Visualization programs require features that include loading data and showing images. Additionally, receiving inputs from viewers is necessary to support interactive visualization. We aim to execute visualization methods developed by Iv Studio in the following environments:

  • Programming language

    • C, Java, JavaScript, C#

  • Data format

    • CSV, Spreadsheet, SQL, Original formats, on memory, etc.

  • Graphics API

    • GDI, Processing, Java2D, Canvas, OpenGL, DirectX, etc.

  • GUI system (GUI toolkit)

    • WIN32 API, Cocoa, X, Swing, Qt, etc.

3 Design of the Execution Environment

We want to support various environments considering Graphics APIs and GUI Systems. Developing runtime libraries that support all environments is ideal, but it is not realistic. Therefore, we designed an execution environment according to the following procedure:

  1. 1.

    Separating dependent parts from independent parts.

  2. 2.

    Choosing an execution environment of independent parts and adding an export feature to Iv Studio.

  3. 3.

    Designing interface functions between dependent and independent parts such that the implementation costs are reduced.

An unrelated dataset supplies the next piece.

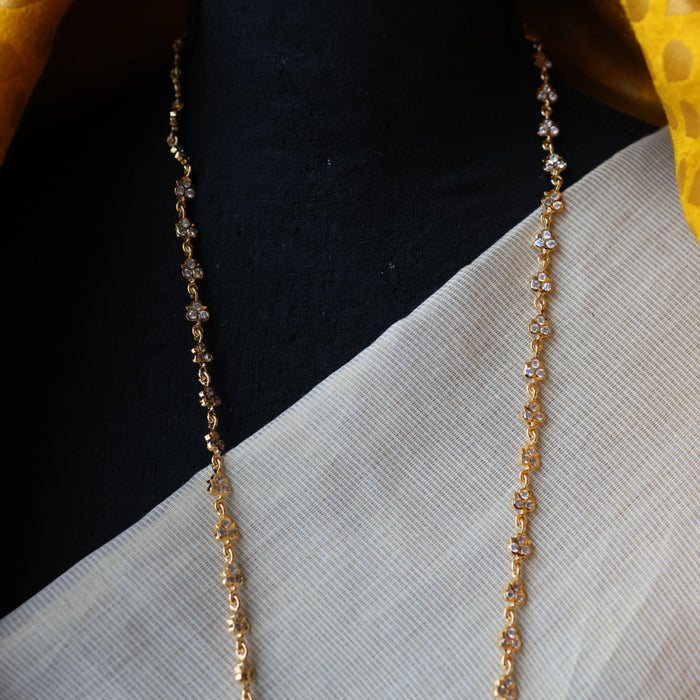 Heritage gold plated white stone long padakam necklace HP3678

3.1 Separating Dependent Parts from Independent Parts

We investigated the support range of execution environments by considering the dependent/independent parts of visualization execution systems. Data formats, Graphics APIs, and GUI systems were considered. Visualization systems are formed similar to the information visualization reference model [4]. Therefore, based on the model, we considered parts that depend on Data formats, Graphics APIs, and GUI systems (Fig. 2).

Fig. 2.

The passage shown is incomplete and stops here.